Hint: We will take \[x + 3\] as the common term for the polynomial and then solve accordingly to find the quotient and remainder respectively. One can try the long division approach but that may be cumbersome to a first try.

Complete step-by-step solution:
We start with our given polynomial \[4{x^3} - 12{x^2} + 5x + 3\] and take \[x + 3\] common from each of the terms and then settle the terms accordingly.
Take \[(x + 3)\] common from the first term i.e. \[(x + 3)4{x^2}\] so we need to subtract the extra term \[12{x^2}\]
Then, \[(x + 3)(4{x^2} - 12{x^2} - 12{x^2} + 5x + 3)\]
That equals to \[(x + 3)(4{x^2} - 24{x^2} + 5x + 3)\]
Taking \[(x + 3)\]common from the second term,\[ - (x + 3)24x\], so we need to add the extra term \[72x\]
That is, \[(x + 3)4{x^2} - 24x(x + 3) + 72x + 5x + 3\]\[ = (x + 3)4{x^2} - 24x(x + 3) + 77x + 3\]
Again take \[(x + 3)\] common from the third term, \[(x + 3)77\] so we will subtract the extra \[228\]
Therefore finally, \[(x + 3)4{x^2} - 24x(x + 3) + 77(x + 3) - 228\]
\[ = (x + 3)(4{x^2} - 24x + 77) - 228\]
Hence, \[\dfrac{{(x + 3)(4{x^2} - 24x + 77) - 228}}{{x + 3}}\]
\[ \Rightarrow (4{x^2} - 24x + 77) - \dfrac{{228}}{{x + 3}}\]
Then, the remainder is \[ - 228\] and the quotient is\[(4{x^2} - 24x + 77)\].
Additional information: We can also use a polynomial long division method for this kind of problem.
First let us arrange the terms in the decreasing order of their indices (if required). Pen down the missing terms with the coefficients as zero.
Then, for the first term of the quotient, divide the first term of the dividend by the first term of the divisor and then multiply this term of the quotient by the divisor to get the product.
Thereafter, subtract this product from the dividend, and bring down the next term (if any). The difference and the term that is taken down to the bottom from above will form the new dividend. Continue this process until you get a remainder, which can be zero or of a lower index than that of the divisor.

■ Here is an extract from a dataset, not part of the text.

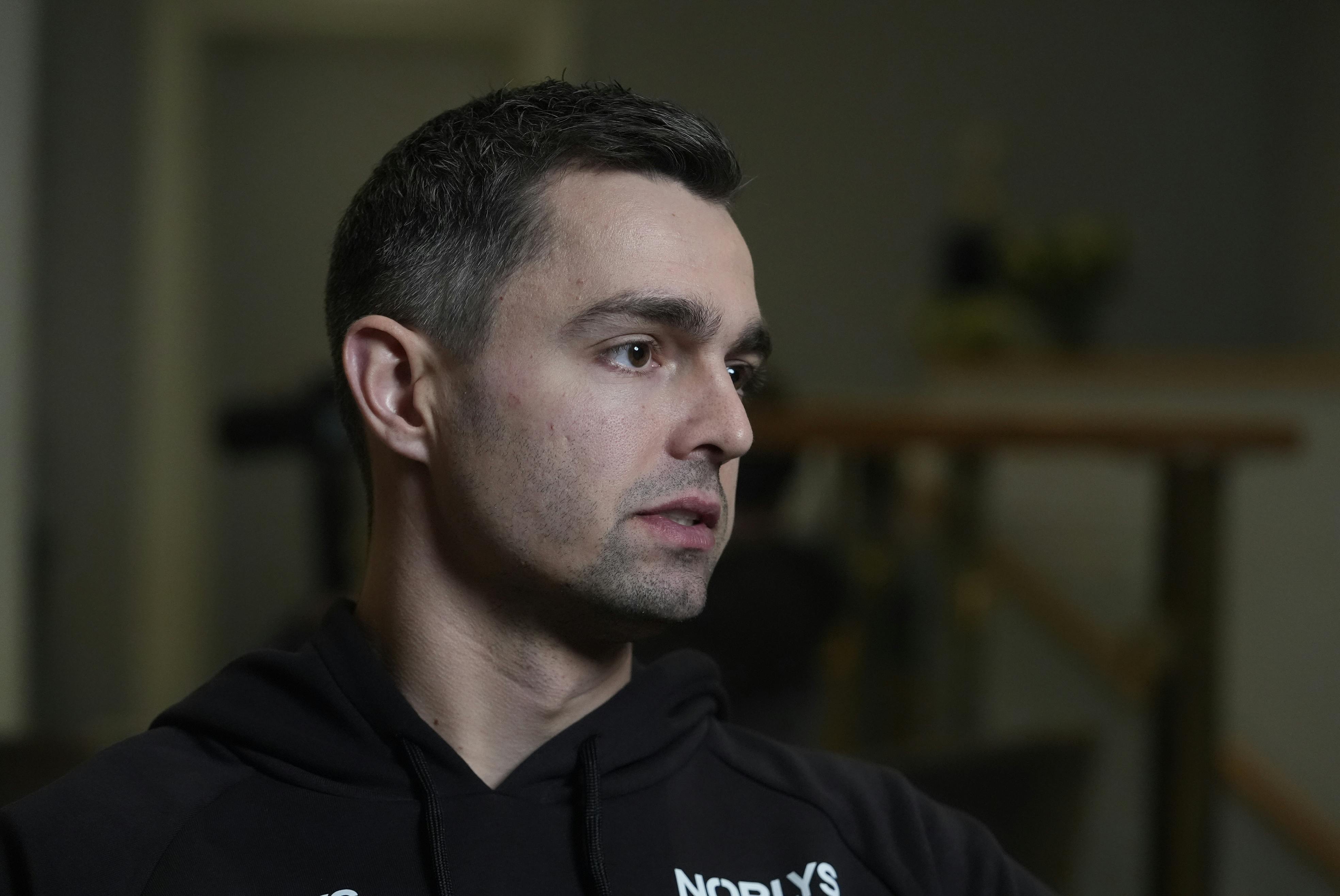 - Status er, at det ser ud til at gå rigtig fint. Jeg har haft tre fine træninger nu her og føler mig egentlig fit. Jeg satser da på at være klar (til første kamp, red.), siger Rasmus Lauge som i november blev lyskeskadet.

Note: Long division method is sometimes clumsy and cumbersome for computation and so the method of taking the common term and then adjusting the polynomial gives an easier approach to us. The common term that is the denominator gets cancelled out after taking common and the remainder remains if not completely divisible.